An hour after that campaign ad aired on Portland radio Wednesday afternoon, Ohio Gov. John Kasich did give up, pulling the plug on his presidential campaign. 

Now that Donald Trump’s last two GOP rivals have dropped out, Republicans in the northwest are re-aligning. Oregon and Washington have presidential primaries this month. Campaign appearances in the northwest for Kasich and Sen. Ted Cruz had just been announced Tuesday. Cruz's events were quickly canceled after he suspended his campaign.

The news didn't faze the Portland host of the Lars Larson show. He endorsed Trump two months ago.

"When it comes to cutting business deals," Larson told his audience, "I don't think anybody ever gets the better of a business deal with Donald Trump."

Disappointment from a Kasich supporter

Of course, not all Oregon conservatives are in Trump's camp. Former GOP state lawmaker Bruce Starr served on Kasich's Oregon leadership team. Starr says Kasich's decision to end his campaign came as a disappointment.

"There's no question from my perspective that Governor Kasich's the best choice to be president of the United States," Starr said, calling Kasich "the only Republican candidate that beats Hillary Clinton in a head-to-head."

Starr says he won't rule out eventually throwing his support behind Trump, who is assured of the GOP nomination by this point. But Starr says to get his support, the New York billionaire would have to surround himself with seasoned, high-quality advisors.

"If he does that, then not only can I see myself voting for him," said Starr, "but I see potentially other Republicans who quite honestly were supporting other for him."

Kasich-Cruz alliance wasn't enough

Kasich made news in Oregon last month when he and Ted Cruz announced a deal. Kasich’s campaign pulled back in Indiana in exchange for Cruz stepping aside in Oregon and New Mexico. That didn’t dampen the enthusiasm of Cruz supporters in Oregon such as GOP state Representative Bill Post.

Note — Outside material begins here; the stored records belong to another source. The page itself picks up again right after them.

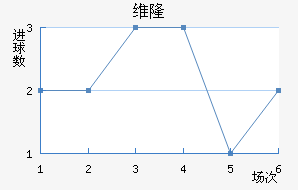 ά¡½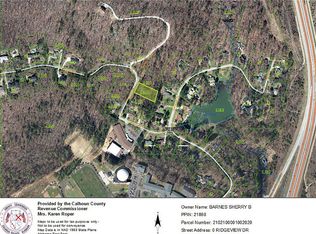 Ridgeview Rd, Anniston, AL 36207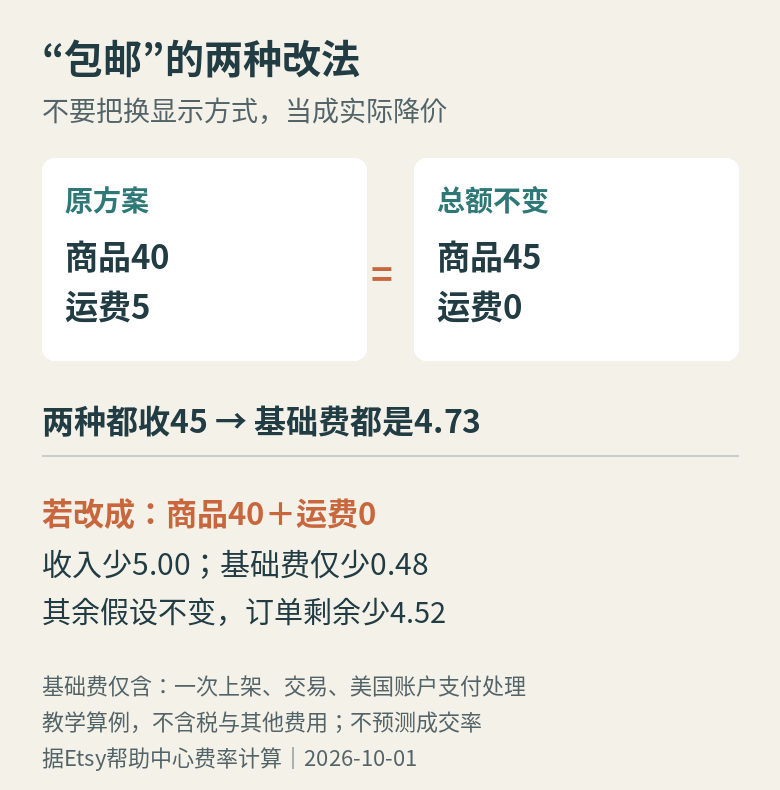 40加5与45包邮两种标价在同一假设下产生相同基础费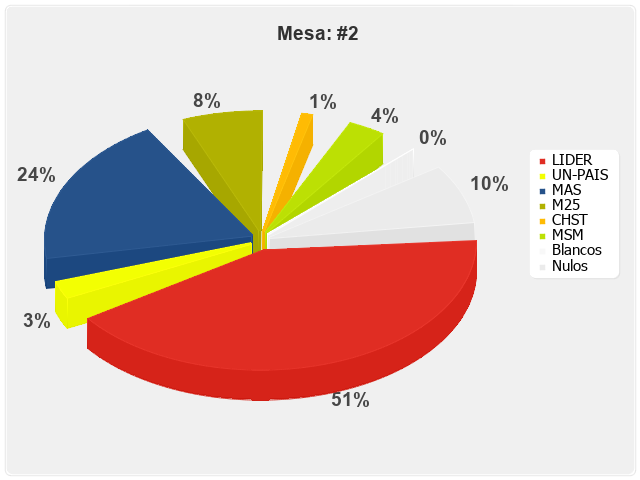 Mesa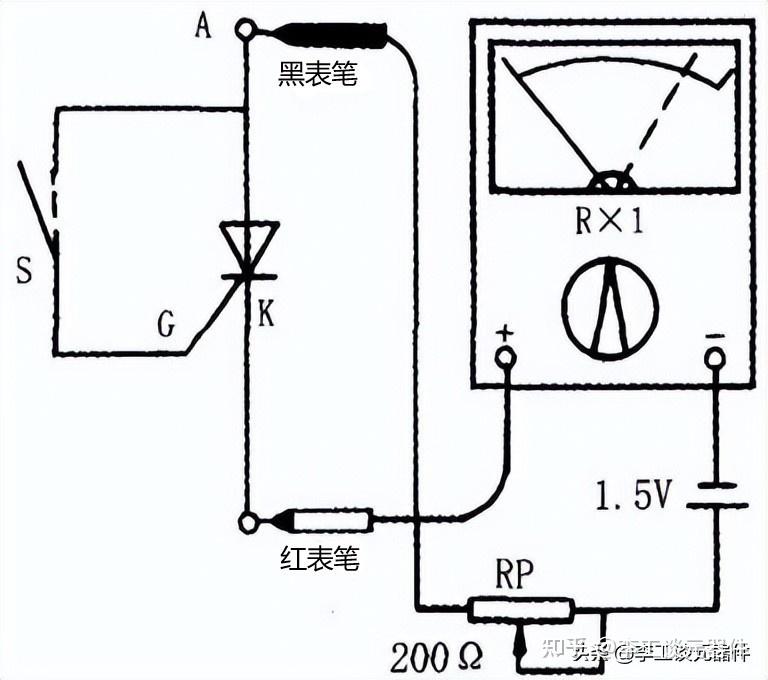 浸灰剂与如何用指针式万用表测二极管的极性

But with Cruz's sudden departure from the race, Post knew it was time to act.

In a live internet broadcast Wednesday, Post took a Ted Cruz campaign sign off his pickup truck.

"Okay, well there it is," Post told his viewers. "Another failed candidacy. It seems like I'm doing this all the time."

Post had been a supporter of Rick Perry until the former Texas Governor dropped out. With his second choice also gone, Post told viewers he isn't on what he called the "Trump train." But he said he was afraid that Republicans who dislike Trump won't vote at all and will therefore hurt GOP candidates in state and local races in the fall.

"If you are so angry at the Donald Trump nomination that it makes you stay home for all the other elections," Post said, "you are worse than Donald Trump."

A poll of Republican voters in Oregon showed Trump easily outpacing Kasich and Cruz last month. But Oregon as whole isn’t likely to throw its support behind Trump in November. The last Republican to win the state's electoral college votes was Ronald Reagan in 1984.